Data for this task:

★ ★ ★

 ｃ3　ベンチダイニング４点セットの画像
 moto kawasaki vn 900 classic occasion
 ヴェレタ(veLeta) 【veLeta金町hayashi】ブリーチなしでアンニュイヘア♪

★ ★ ★

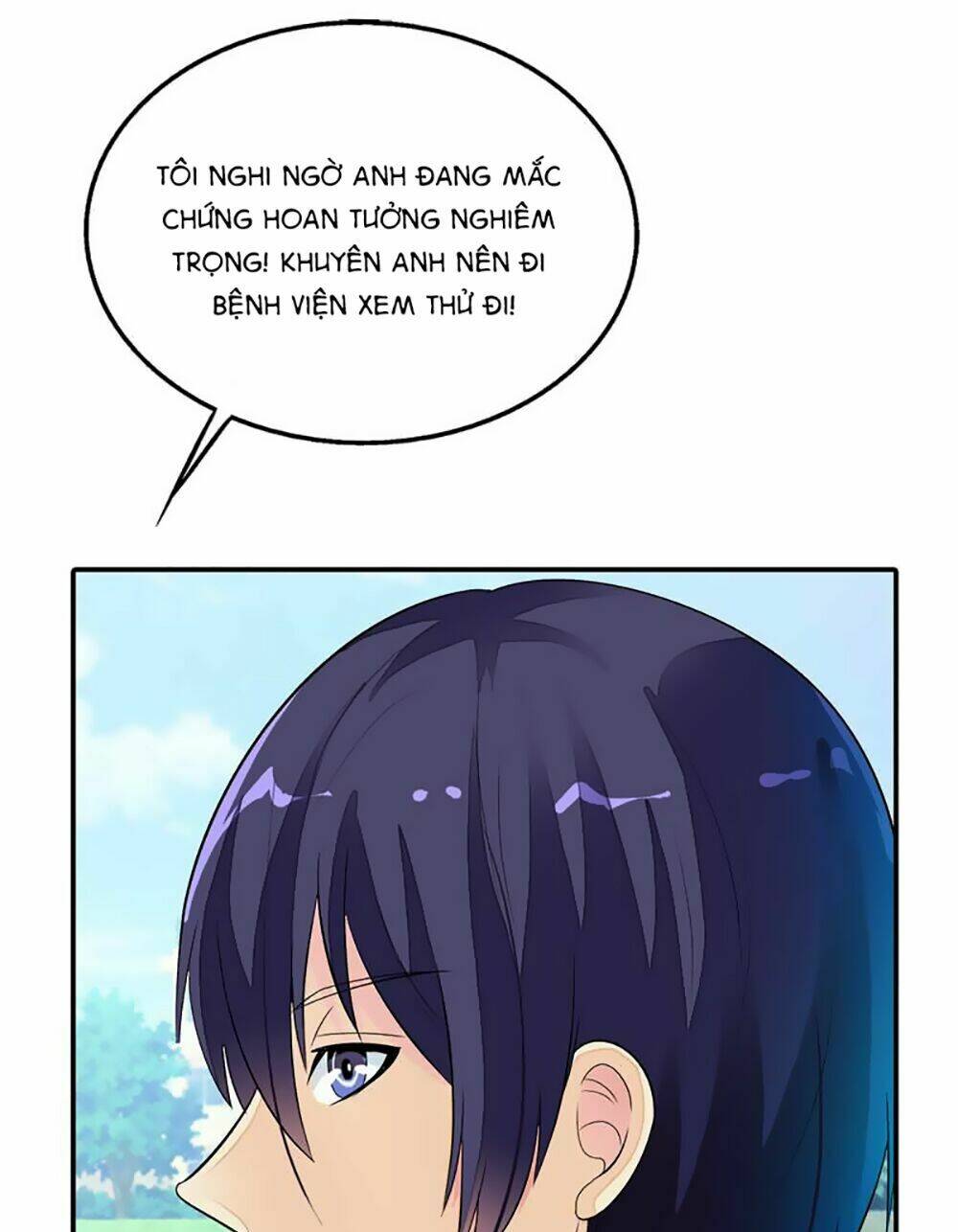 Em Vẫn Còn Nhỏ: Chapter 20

★ ★ ★

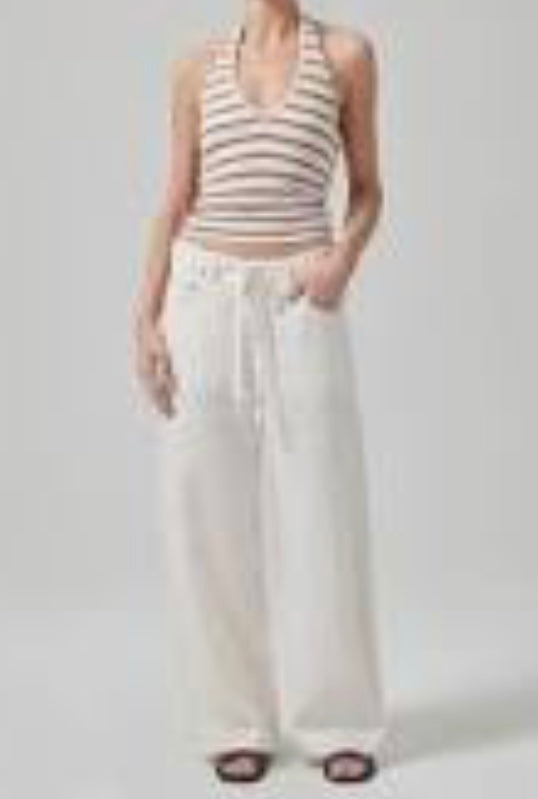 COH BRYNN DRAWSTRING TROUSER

★ ★ ★

Within the material above, copy exactly the lines from the line that holds "ｃ3　ベンチダイニング４点セットの画像" up to and including the line that holds "ヴェレタ(veLeta) 【".

 ｃ3　ベンチダイニング４点セットの画像
 moto kawasaki vn 900 classic occasion
 ヴェレタ(veLeta) 【veLeta金町hayashi】ブリーチなしでアンニュイヘア♪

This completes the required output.